I think ddply seems quite a promising option but I'm not sure how to use it for this particular problem.
Here's a quick and efficient solution using data.table. First we join the two data sets by ID and then just modify the Times which are lower or equal to Comparison
library(data.table) # v1.9.6+
setDT(data)[ComparisonData, end := i.Comparison, on = "ID"]
data[Time <= end, Time := Time - 3600L][, end := NULL]
data
# Time ID
# 1: 2015-10-02 07:00:00 1
# 2: 2015-11-02 11:00:00 1
# 3: 2015-10-11 09:00:00 2
# 4: 2015-11-11 09:00:00 2
# 5: 2015-10-24 07:00:00 3
# 6: 2015-10-27 08:00:00 3
Alternatively, we could do this in one step while joining using ifelse (not sure how efficient this though)
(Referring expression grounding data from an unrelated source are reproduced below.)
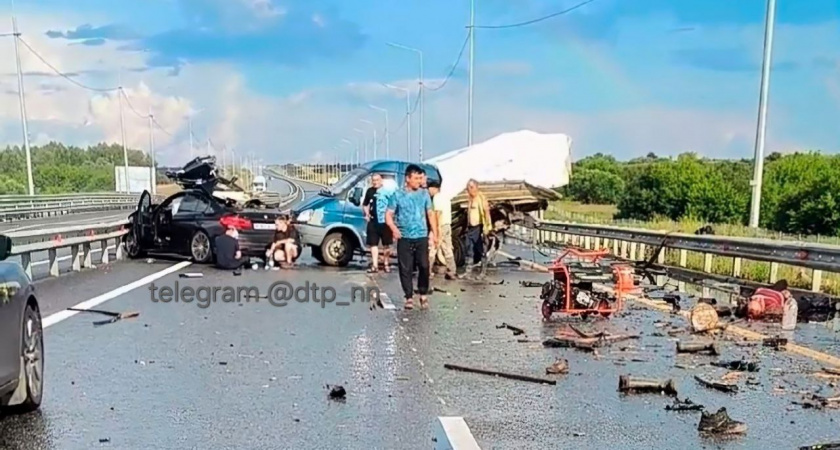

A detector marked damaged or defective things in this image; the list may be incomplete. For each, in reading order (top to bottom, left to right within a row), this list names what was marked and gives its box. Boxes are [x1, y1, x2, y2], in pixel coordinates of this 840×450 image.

detached wheel [191, 229, 213, 264]
crashed black car [123, 157, 284, 264]
detached wheel [318, 232, 352, 268]
overturned truck trailer [426, 128, 572, 268]
detached wheel [3, 300, 43, 414] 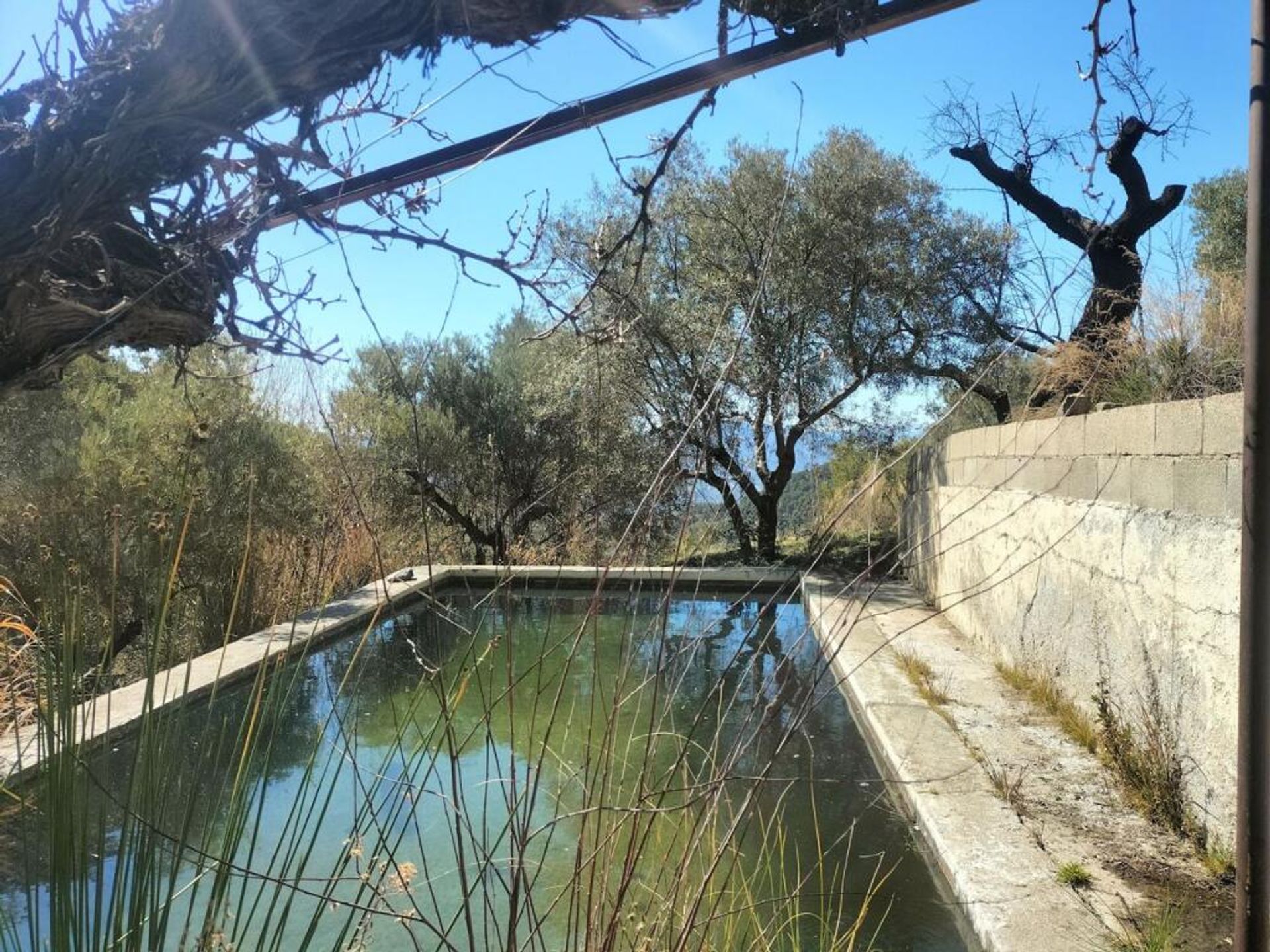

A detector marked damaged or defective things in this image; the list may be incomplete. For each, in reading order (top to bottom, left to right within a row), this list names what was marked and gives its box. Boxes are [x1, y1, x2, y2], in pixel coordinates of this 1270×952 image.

rusty metal bar [265, 0, 970, 229]
rusty metal bar [1234, 0, 1265, 949] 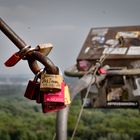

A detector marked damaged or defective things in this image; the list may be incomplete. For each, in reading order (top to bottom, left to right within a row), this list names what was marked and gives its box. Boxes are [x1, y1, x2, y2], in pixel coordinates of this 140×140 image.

rusty metal [0, 18, 58, 75] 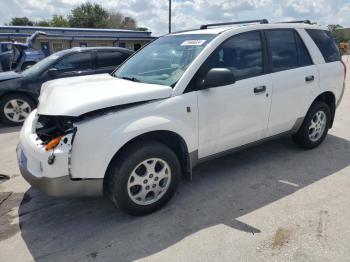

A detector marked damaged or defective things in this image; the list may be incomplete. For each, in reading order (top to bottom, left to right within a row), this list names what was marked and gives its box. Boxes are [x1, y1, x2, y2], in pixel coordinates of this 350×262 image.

exposed metal bumper [19, 164, 103, 196] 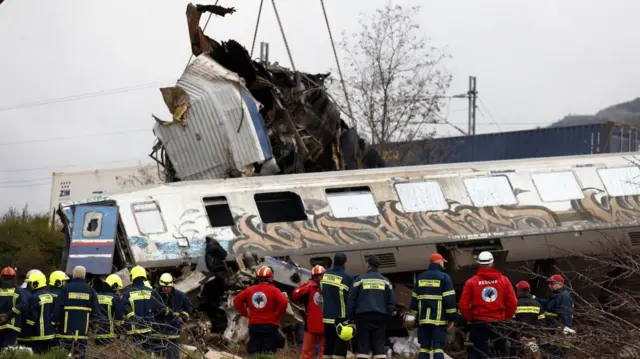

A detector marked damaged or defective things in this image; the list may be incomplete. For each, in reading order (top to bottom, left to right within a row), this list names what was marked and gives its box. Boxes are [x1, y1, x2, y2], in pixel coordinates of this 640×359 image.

setDT(data)[ComparisonData,
Time := ifelse(Time <= i.Comparison,
Time - 3600L, Time),
on = "ID"]
data
# Time ID
# 1: 2015-10-02 07:00:00 1
# 2: 2015-11-02 11:00:00 1
# 3: 2015-10-11 09:00:00 2
# 4: 2015-11-11 09:00:00 2
# 5: 2015-10-24 07:00:00 3
# 6: 2015-10-27 08:00:00 3
I am sure there is going to be a better solution than this, however, I think this works.
for(i in 1:nrow(data)) {
if(data$Time[i] < ComparisonData[data$ID[i], 1]){
data$Time[i] <- data$Time[i] - 3600
}
}
# Time ID
#1 2015-10-02 07:00:00 1
#2 2015-11-02 11:00:00 1
#3 2015-10-11 09:00:00 2
#4 2015-11-11 09:00:00 2
#5 2015-10-24 07:00:00 3
#6 2015-10-27 08:00:00 3
This is going to iterate through every row in data.
ComparisonData[data$ID[i], 1] gets the time column in ComparisonData for the corresponding ID. If this is greater than the Time column in data then reduce the time by 1 hour.